• How to complete this task: Line by line, set down all the data below exactly, omitting any picture.

• Source data:
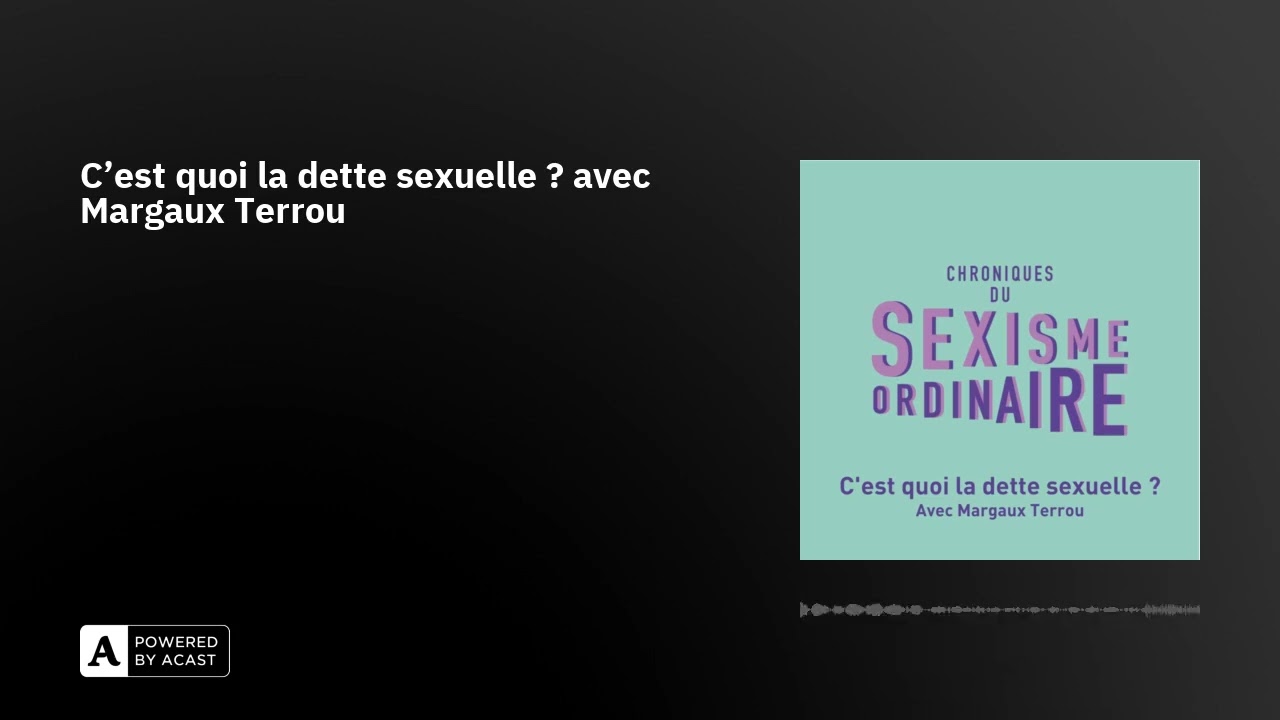 C'est quoi la dette sexuelle ? avec Margaux Terrou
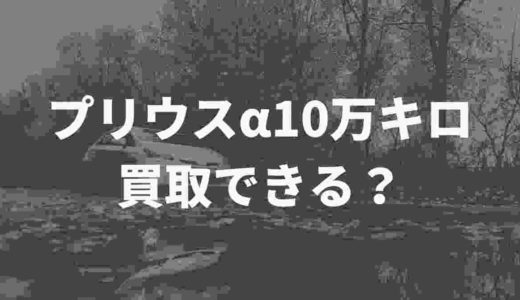 プリウスα10万キロの買取相場はどれくらい？20万キロの査定はいくら？！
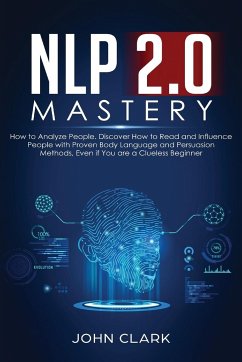 NLP 2.0 Mastery - How to Analyze People - John, Clark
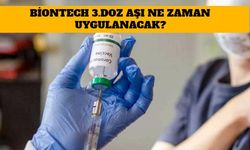 BioNTech 3.Doz Aşı Ne Zaman Uygulanacak? Kimler Hatırlatma Aşısı Olacak?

• Exercise answer:
 C'est quoi la dette sexuelle ? avec Margaux Terrou
 プリウスα10万キロの買取相場はどれくらい？20万キロの査定はいくら？！
 NLP 2.0 Mastery - How to Analyze People - John, Clark
 BioNTech 3.Doz Aşı Ne Zaman Uygulanacak? Kimler Hatırlatma Aşısı Olacak?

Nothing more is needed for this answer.